I sit back and wonder: Could this have happened to anyone other than a Chicano kid who grew up in what amounted to the projects in Santa Fe, NM who happened to get a Commodore 64 for Christmas? I mean, how many kids in the barrio ever get to have a computer that they can call their own? It wasn’t like there was a commodities truck handing computers out along with the canned meat and processed cheese. I believe with all that I am that where I was born and where I grew up is as much a character in my life as any single person.
If someone were to look at the place I grew up and added a Commodore 64, that person could easily think that the great expanse of the universe had to complete a research project. The gods must have been twiddling their thumbs when they allowed me to emerge into a circumstance that should have killed me, as it has so many of my homeboys. At least those bored gods in the universe armed me with a little computer that has long since become a lifeline to remind me of who and what I am.

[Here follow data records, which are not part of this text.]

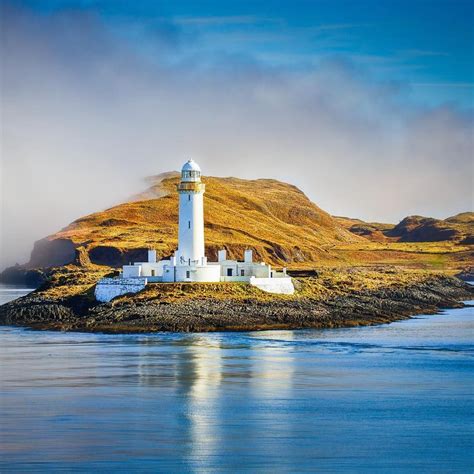 The picturesque Lismore Lighthouse on Lismore Island can be seen from ...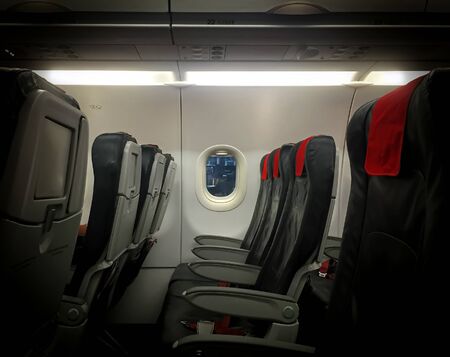 window of a commercial airliner with empty seats. Concept of air travel and vacationの写真素材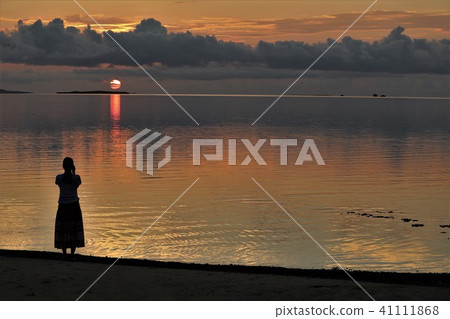 A woman nestling in the sunset 41111868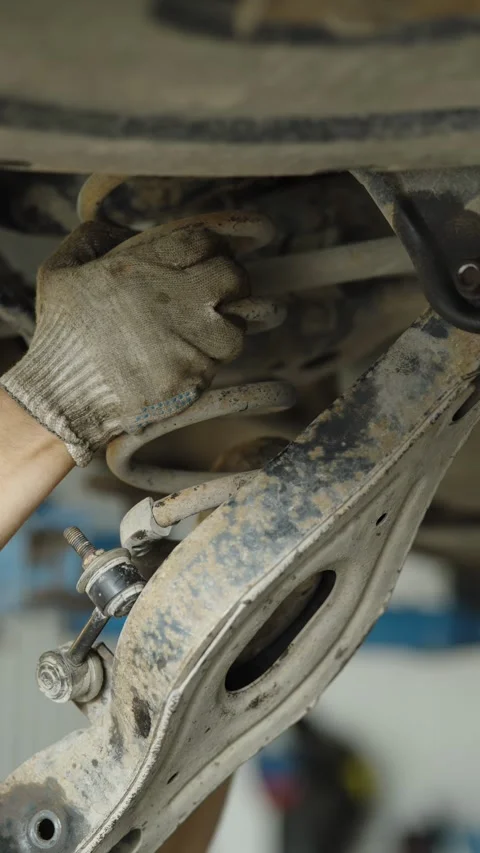Rusty car suspension coil spring and control arm undercarriage view Stock Footage 337570588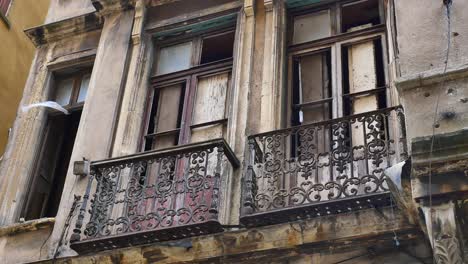 edificio antiguo con ventanas rotas y balcón oxidado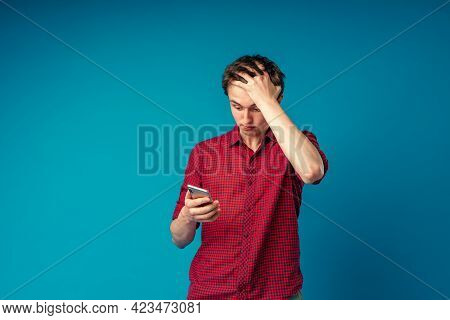 Scared Young Guy Holding A Smartphone In His Hand Covers His Face With His Hand In Shock At The Erro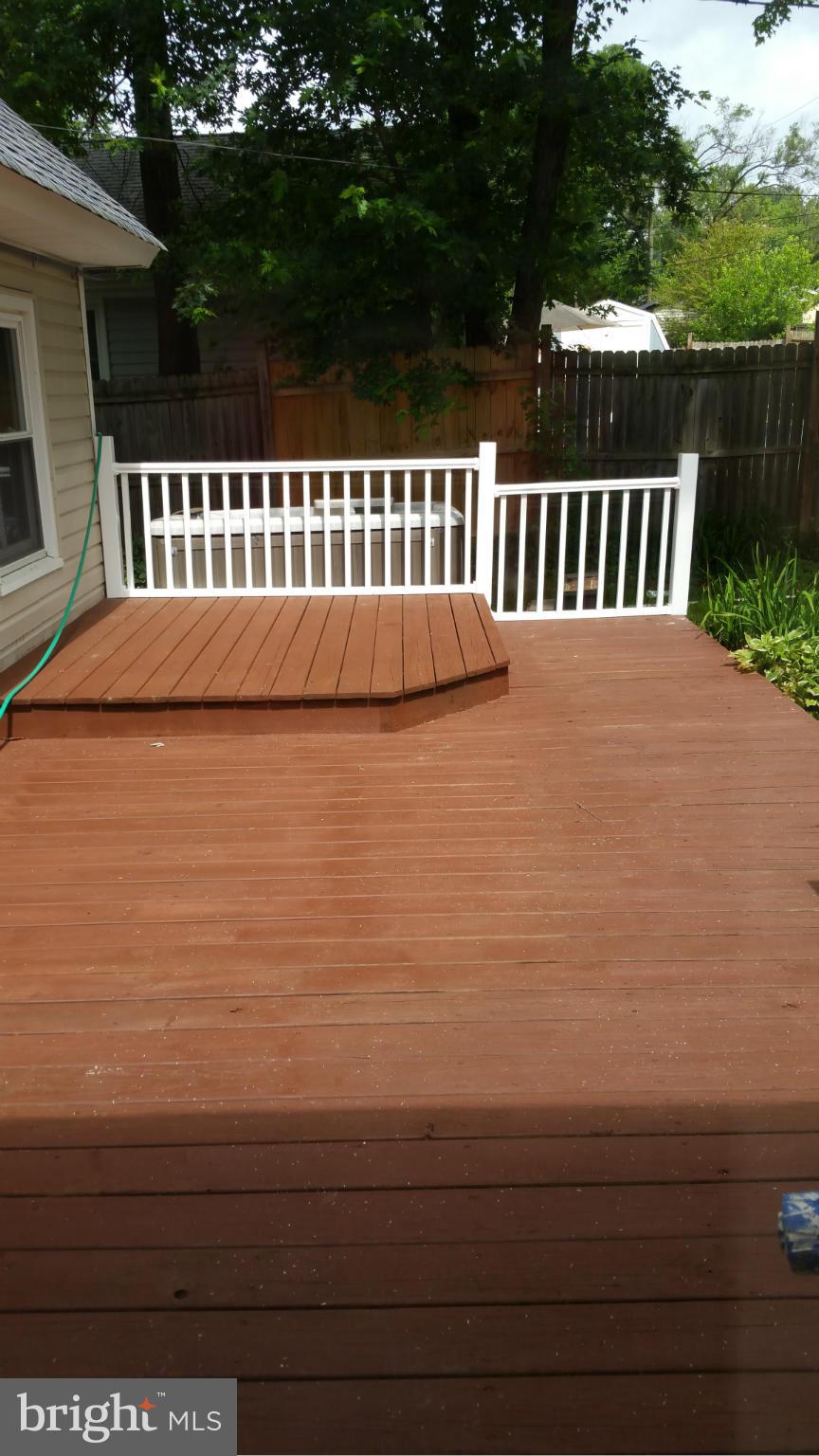 12408 Starlight Lane Bowie, MD 20715 - Photo 10 of 26 a view of outdoor space with deck and yard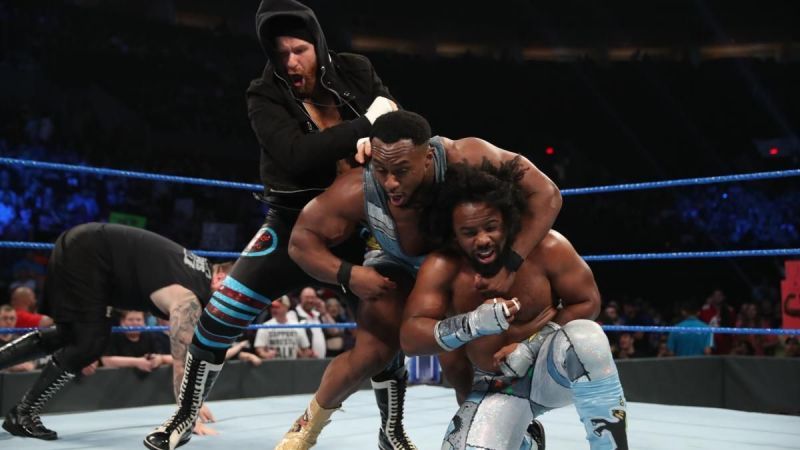 Sami Zayn attacking Big E and Xavier Woods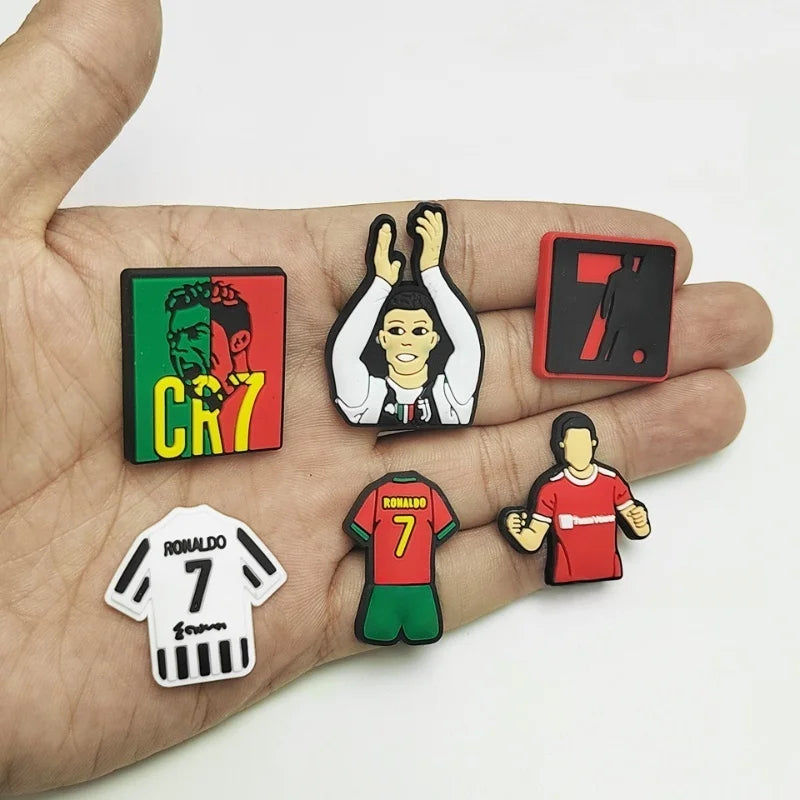 A hand holds several cartoon football shoe charms featuring a number 7 and soccer players.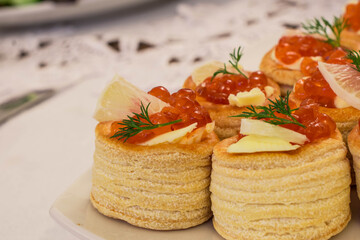 Party Brunch table setting with red caviar on white plate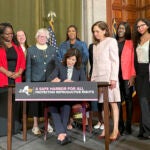 New York Gov. Kathy Hochul, center, signs bills expanding reproductive healthcare.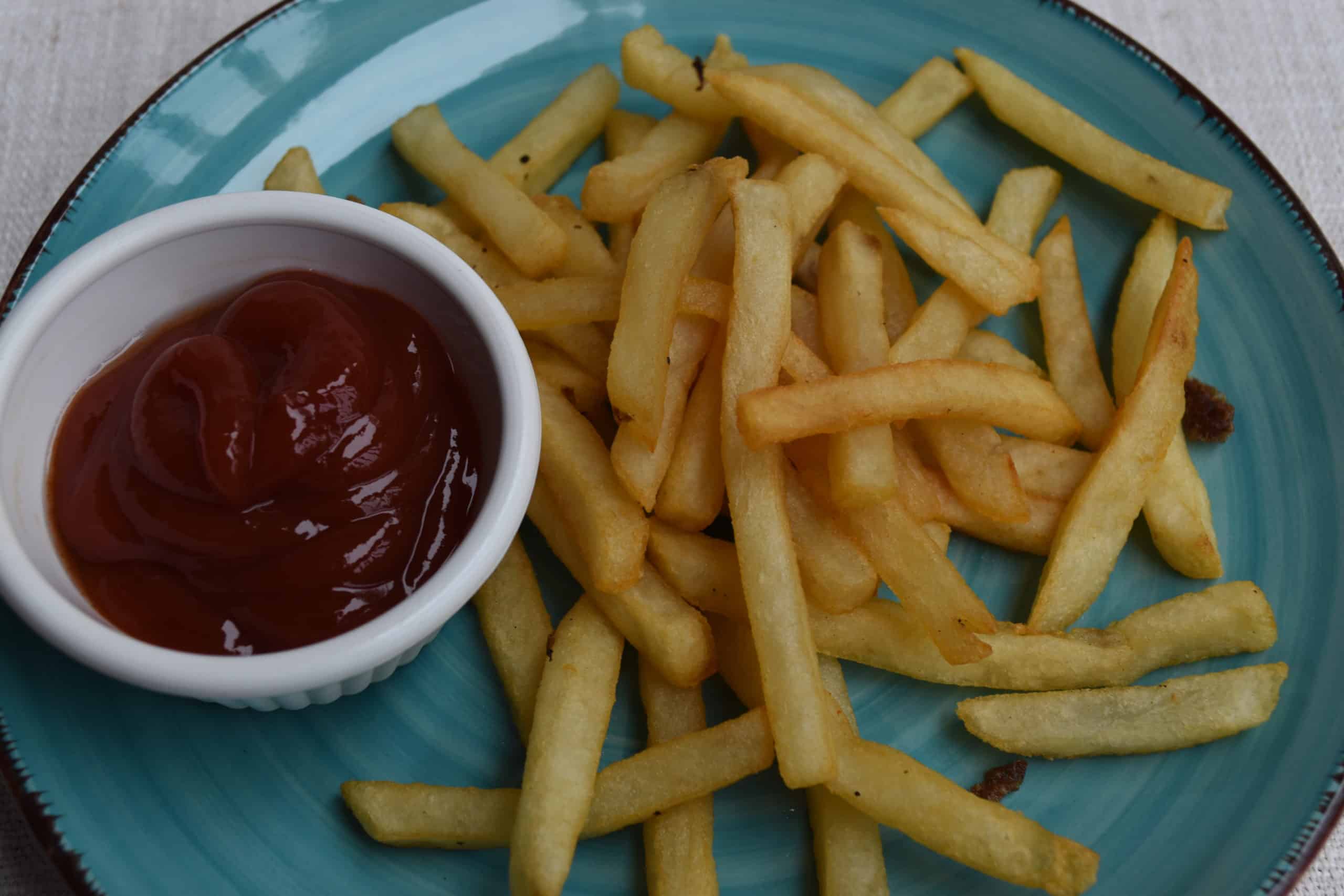 Blackstone Griddle Deep-Fried Frozen Fries on a plate with a cup of ketchup.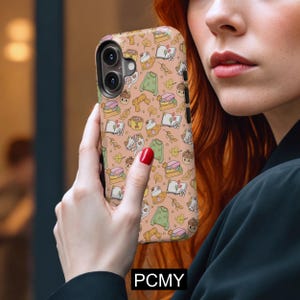 May include: A phone case with a repeating pattern of autumn-themed illustrations. The design includes books, sweaters, mugs, cats, and acorns in shades of beige, green, and brown. The text "PCMY" is visible at the bottom.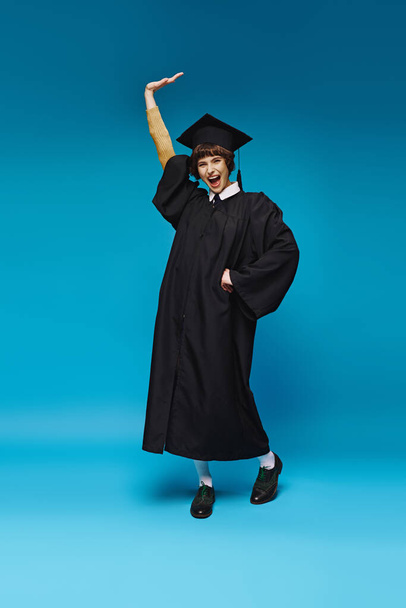excitado graduado chica universitaria en vestido y gorra levantamiento y y gritando de alegría en el fondo azul - Foto, imagen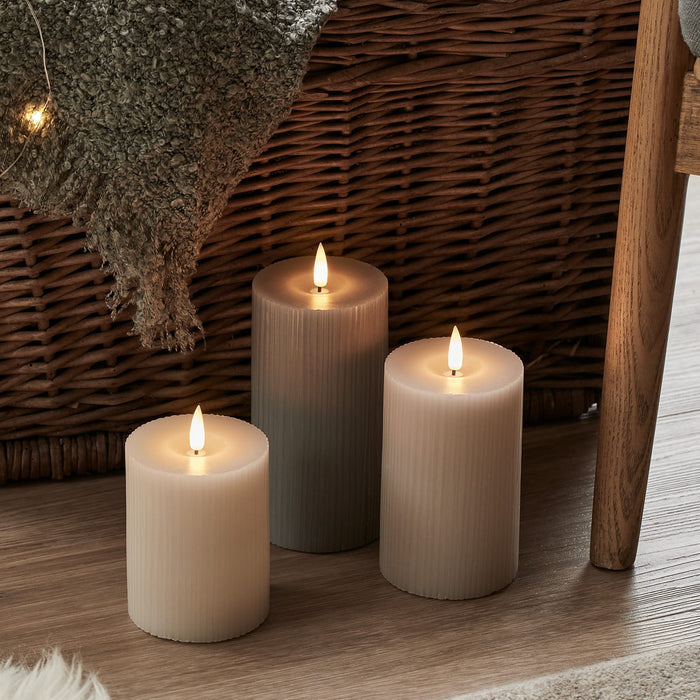 CA22008-TruGlow®-Grey-Ribbed-LED-Pillar-Candle-Trio.jpg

And I need reminding because I’ve lived a life in between: in-between cultures and in-between languages. I’ve heard it said that demonic possession occurs when the targeted host is at a point of real confusion. Whether or not you believe in such hokey things as possession and exorcism is immaterial to the point that confusion leads to bad things. I mean, being torn between polar opposites can’t possibly be healthy. I’ve come to see that when people end up knocking on Death’s doorstep, confusion makes an appearance as a guide to that doorstep.
Let’s face it; people don’t end up knocking on death’s proverbial doorstep because they’re healthy. Nope. Not at all. People end up on death’s doorstep because at some point in their life’s path they stood at a crossroads and in their confusion chose to accept sickness as their only choice. Now, I get that people don’t have the same access to opportunities and that even if they did; they still need to see those opportunities as accessible. Regardless of opportunities, people don’t end battering down death’s door by any accident.
The flip side of that old coin is that healthy people who live joyful and healthy lives don’t just become healthy out of some great cosmic accident of chance. Nope. Healthy people tend to be healthy because they embrace every day as an opportunity to savor and cherish. They find joy in the salmon run colored early morning sky and hear the music in the wind, even if it blows twenty below gusts that freeze faces into a numb that even Novocain couldn’t provide. They savor that cold and the numb and don’ accuse the wind of playing a part in some great conspiracy against their person. The healthy choose life.
I’m healthy because when I stood at the crossroads between I chose life. The work that life requires of me is rarely easy. Still, I believe that every day is an opportunity to build a healthy world. And when I get knocked down, I think about the love in my life and I remember the gifts of my life. They remind me that each and every breath is also a gift, just like my Commodore 64.